While the financial world and now sovereign governments are currently inundated with the consequences inflicted by the sub-prime meltdown, which have cost trillions of dollars, much worse is about to be set loose on the global house of financial cards. There are other asset bubbles that will be popping with lethal force.

While sub-prime mortgages continue to devastate the American housing market, near-prime and prime mortgages are about to get hammered, as the over-leveraged American consumer becomes financially debilitated by rapidly rising unemployment rates, restricted access to credit and collapsing value of their retirement funds and household equity. Car loan delinquencies and credit card defaults will also accelerate, while consumer spending in the United States plummets, leading to the next asset bubble: commercial real estate. Retail trade declines will bring about a horde of commercial bankruptcies and foreclosures, creating vast square footage of vacant offices and storefronts. Shopping malls will become deserted, leading to unpaid commercial mortgages that will rival the sub-prime disaster in intensity.

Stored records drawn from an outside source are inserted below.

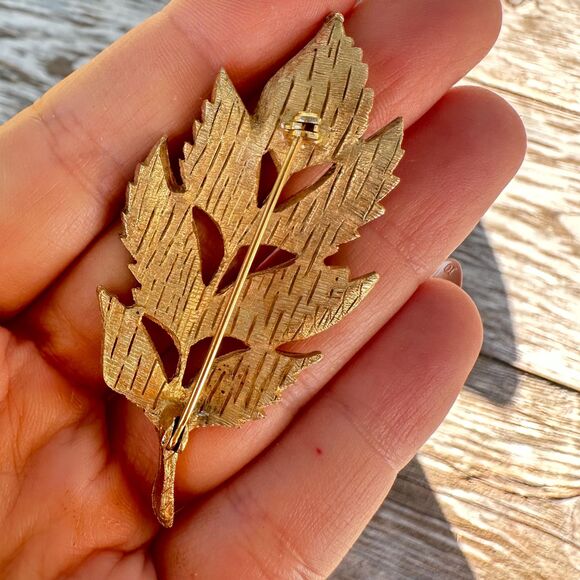 Vintage Jewelry Gold Tone Leaf Brooch Pin - Picture 2 of 2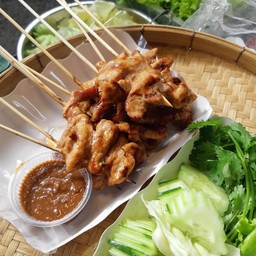 ร้านหมูปลาร้า พาเพลิน กาดบะป๊าว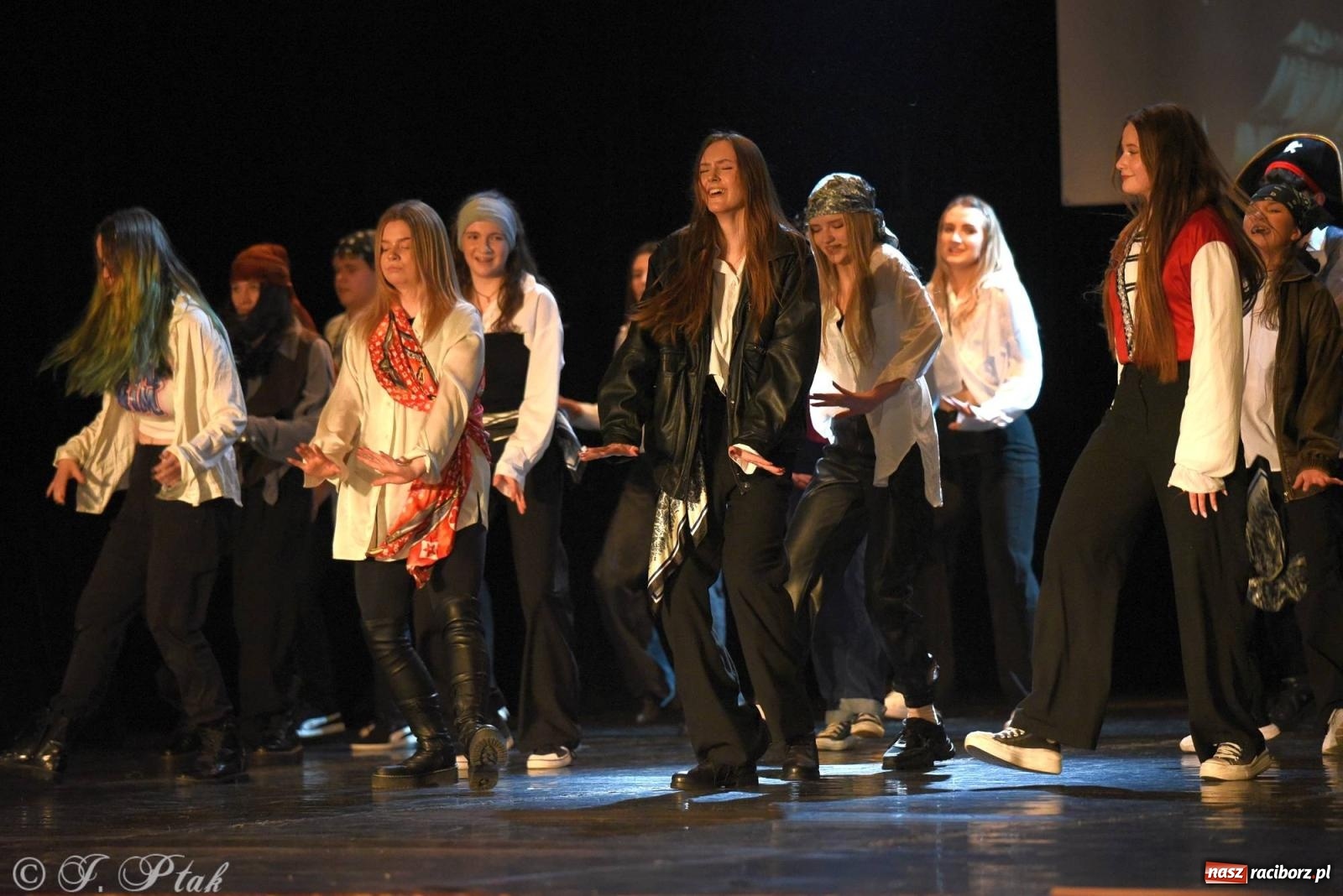 Zdjęcie w galerii na portalu naszraciborz.pl: SKAZA w Disney'owskiej odsłonie- widowisko taneczne wiadomości z regionu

An American Government that is already consumed with mountains of debt may promise to bail out every American consumer and business, however this is just not possible in the real world. Yet, this is the course the incoming Obama administration seems determined to follow. And leading the charge will be Tim Geithner, Barack Obama’s nominee to succeed Hank Paulson as Treasury Secretary.

Paulson of the $700 billion TARP debacle, preceded by his numerous wrong assumptions about the direction of the U.S. and global economy, was clearly a disastrous Treasury Secretary for coping with the onset of the Global Economic Crisis. However, will Geithner be an improvement? A revelation just released raises disturbing doubts. It has now been disclosed that the man President-elect Obama wants to entrust the Treasury Department to, at a time of the gravest economic crisis, failed to pay $34,000 in back taxes. Failure to pay $34,000 in back taxes? This is the genius supposed to run the Treasury Department, which supervises the IRS, and strategize our way out the current global economic disaster? This leads to another signpost on the road to global economic catastrophe. When excellence in leadership is essential for coping with the Global Economic Crisis, throughout the world the political establishment is represented by mediocrities. Mister Thirty-Four-Thousand in back taxes is a metaphor for this failure by the global political elites to identify and select the most competent professionals to confront the world’s most chronic economic disaster.

When one aggregates the cumulative affects of the asset bubbles about to burst with incendiary destructiveness, factoring in mediocre decision makers, the case for a crisis as bad as the Great Depression is solidified. There remains another element that will make it much worse.

In the 1930s the world was not as financially interconnected as it is today. Globalization has massively increased the vulnerability of the world’s financial and economic system. To take one example, a corrupt stock or bond trader in Singapore or Paris can, by manipulating his computer, gamble away billions of dollars of his company’s assets, undiscovered until calamity has struck. Every day trillions of dollars is transacted at the speed of light, much of it unregulated, particularly with those mysterious entities known as hedge funds. The derivative products they have engineered have accrued to the stratospheric level of hundreds of trillions of dollars, unmonitored by any governmental authority. In essence, a vast global financial superstructure has been erected on a foundation of quicksand as fragile as the worst of the sub-prime securities. As the global economy sinks, hedge funds will begin to deleverage and liquidate, in effect multiplying the already catastrophic global economic downturn. The result: global economic Armageddon.

The Great Depression led to the most destructive war in the history of human civilization. Will the Global Economic Crisis so disrupt social stability and international relations that an even more terrible global conflict erupts? It may be that however calamitous the financial impact of the Global Economic Crisis becomes, it will be the inevitable geopolitical consequences that will exceed our worst nightmares.